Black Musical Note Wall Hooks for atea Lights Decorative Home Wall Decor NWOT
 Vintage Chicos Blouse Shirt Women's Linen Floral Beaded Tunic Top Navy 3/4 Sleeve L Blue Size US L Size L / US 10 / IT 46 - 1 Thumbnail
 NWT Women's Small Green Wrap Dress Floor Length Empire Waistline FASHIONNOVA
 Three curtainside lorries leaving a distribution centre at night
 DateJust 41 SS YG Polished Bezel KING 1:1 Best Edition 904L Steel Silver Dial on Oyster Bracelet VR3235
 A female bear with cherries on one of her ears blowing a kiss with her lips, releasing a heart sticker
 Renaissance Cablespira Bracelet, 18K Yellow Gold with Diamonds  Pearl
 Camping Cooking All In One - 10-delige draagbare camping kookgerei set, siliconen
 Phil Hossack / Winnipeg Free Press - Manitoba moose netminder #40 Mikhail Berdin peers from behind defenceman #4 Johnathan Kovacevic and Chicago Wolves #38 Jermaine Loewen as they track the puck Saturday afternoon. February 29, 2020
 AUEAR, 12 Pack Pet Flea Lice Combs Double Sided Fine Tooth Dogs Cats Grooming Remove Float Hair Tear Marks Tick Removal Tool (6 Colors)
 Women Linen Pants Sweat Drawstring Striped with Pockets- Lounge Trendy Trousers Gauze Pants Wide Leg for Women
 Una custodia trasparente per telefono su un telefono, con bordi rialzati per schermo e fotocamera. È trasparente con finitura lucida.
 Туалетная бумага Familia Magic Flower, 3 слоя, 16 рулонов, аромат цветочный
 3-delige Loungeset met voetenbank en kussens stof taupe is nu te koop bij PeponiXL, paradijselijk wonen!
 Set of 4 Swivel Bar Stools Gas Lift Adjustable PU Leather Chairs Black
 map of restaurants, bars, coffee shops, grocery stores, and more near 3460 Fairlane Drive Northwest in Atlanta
- - - - - - -
Work task:
Exactly those lines that run from the start of the listing to the line containing "Three curtainside lorries" should be output, and no others.

Task output:
Black Musical Note Wall Hooks for atea Lights Decorative Home Wall Decor NWOT
 Vintage Chicos Blouse Shirt Women's Linen Floral Beaded Tunic Top Navy 3/4 Sleeve L Blue Size US L Size L / US 10 / IT 46 - 1 Thumbnail
 NWT Women's Small Green Wrap Dress Floor Length Empire Waistline FASHIONNOVA
 Three curtainside lorries leaving a distribution centre at night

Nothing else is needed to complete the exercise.